Preface: This is NOT a boo-hoo post about how people watch too much television and can’t spell.
I think of myself fundamentally as a writer. I love to read, I like books, I like magazines. On espn.com, I ignore the video clips and read the articles. The written word is for me the fundamental and primary way to exchange information.
Now it’s not that difficult to imagine a future in which writing is used mostly for labeling. Video and audio will be fundamental and primary, and writing will be used for short-form annotation of the video and audio. Writing will be metadata. Labeling.
In the past video and audio weren’t used in this way so much because of limitations of (obviously) transmission and storage, but also less obviously of editability and searchability.
The first two issues have largely been solved: broadband, mobile, gigabyte hard drives and flash memory. Internet, cable modems, satellite, Youtube, iPads, Android.
The third issue, editing, is mostly solved when you think about simple tasks; video and audio editing software comes standard on lots of computers now. Not everybody wants to develop Final Cut Pro skills, but it’s available. “Editing” encompasses more than that, though. If you are trying to organize and convey a large amount of information, or update existing information without reshooting the whole video, writing still offers advantages in speed and flexibility. In fact, writing in the computer age is so flexible that I often write before I organize. I start putting down various thoughts and then gradually re-order them as I go. Sometimes I stop and do an outline AFTER I’m halfway done writing. I don’t think this was an efficient approach in the typewriter era.

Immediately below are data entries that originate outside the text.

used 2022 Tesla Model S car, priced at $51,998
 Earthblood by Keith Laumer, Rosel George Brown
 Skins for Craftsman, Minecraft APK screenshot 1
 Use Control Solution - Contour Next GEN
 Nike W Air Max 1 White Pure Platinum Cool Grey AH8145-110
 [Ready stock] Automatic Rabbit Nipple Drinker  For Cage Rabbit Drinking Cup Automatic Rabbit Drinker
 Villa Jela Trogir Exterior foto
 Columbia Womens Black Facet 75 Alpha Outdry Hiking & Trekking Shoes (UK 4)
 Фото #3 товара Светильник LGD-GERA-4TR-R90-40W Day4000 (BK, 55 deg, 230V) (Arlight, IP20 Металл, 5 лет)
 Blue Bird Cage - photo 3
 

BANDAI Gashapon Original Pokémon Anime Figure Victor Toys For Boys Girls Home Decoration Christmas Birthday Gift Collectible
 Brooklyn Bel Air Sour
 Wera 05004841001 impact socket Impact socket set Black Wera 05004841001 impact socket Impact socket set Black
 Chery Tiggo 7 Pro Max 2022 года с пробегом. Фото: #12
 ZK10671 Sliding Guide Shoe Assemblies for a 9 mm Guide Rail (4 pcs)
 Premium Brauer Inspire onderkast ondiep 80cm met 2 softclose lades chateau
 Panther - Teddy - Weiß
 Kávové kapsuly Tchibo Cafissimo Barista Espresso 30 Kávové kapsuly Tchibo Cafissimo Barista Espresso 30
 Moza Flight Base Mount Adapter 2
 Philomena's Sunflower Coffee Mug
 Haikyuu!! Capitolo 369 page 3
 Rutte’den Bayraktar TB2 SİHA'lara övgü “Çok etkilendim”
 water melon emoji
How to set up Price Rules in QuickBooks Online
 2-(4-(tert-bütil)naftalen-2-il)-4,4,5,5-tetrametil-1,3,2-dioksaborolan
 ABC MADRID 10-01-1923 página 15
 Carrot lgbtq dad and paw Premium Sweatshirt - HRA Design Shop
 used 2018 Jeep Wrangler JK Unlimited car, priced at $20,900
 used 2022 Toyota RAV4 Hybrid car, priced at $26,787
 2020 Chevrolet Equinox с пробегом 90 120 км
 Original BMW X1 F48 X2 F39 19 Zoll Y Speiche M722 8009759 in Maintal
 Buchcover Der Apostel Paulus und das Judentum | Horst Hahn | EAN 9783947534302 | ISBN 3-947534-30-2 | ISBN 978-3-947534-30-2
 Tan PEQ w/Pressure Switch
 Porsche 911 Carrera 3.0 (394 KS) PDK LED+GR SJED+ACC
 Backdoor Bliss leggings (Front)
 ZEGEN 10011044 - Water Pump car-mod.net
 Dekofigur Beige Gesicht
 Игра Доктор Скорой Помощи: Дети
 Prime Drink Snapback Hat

The fourth issue, search, is where it gets really interesting. Right now, automated information retrieval is text-based– think Google. But it doesn’t have to stay that way.
Dragon Naturally Speaking is voice-recognition software. It converts audio into text. It’s very limited even after decades as a commercial product. We have tried it out for interviews – can it transcribe automatically while the interview takes place? It can’t. It has to be “trained” to recognize a speaker’s words correctly. You have to work with it to get accurate output of your own voice, let alone some random soprano interviewee with a Scottish accent and a mild stutter.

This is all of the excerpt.